DATA:
┌────────

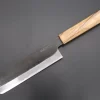 Custom Limited Edition, Hinoura White Steel No.1 Kurouchi Series HS1-5SP13 Nakiri 165mm (6.4 Inch)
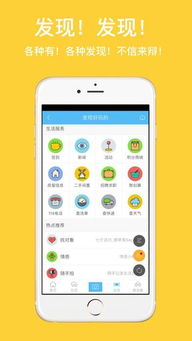 日本手游app,日本手游应用：引人入胜的娱乐世界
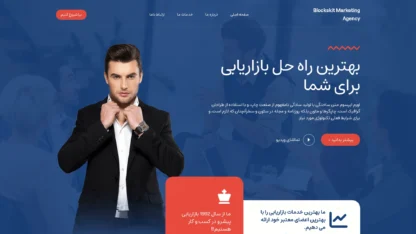 مطالعه مقاله قالب وردپرس Blockskit Marketing Agency فارسی (چایلدتم)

└────────

TASK INSTRUCTIONS:
What the answer must hold is the exact text of every line from the one containing "日本手游app,日本手游应用：引人入胜的娱乐世界" through the end of the data, minus any pictures.

RESPONSE TO THE EXERCISE:
 日本手游app,日本手游应用：引人入胜的娱乐世界
 مطالعه مقاله قالب وردپرس Blockskit Marketing Agency فارسی (چایلدتم)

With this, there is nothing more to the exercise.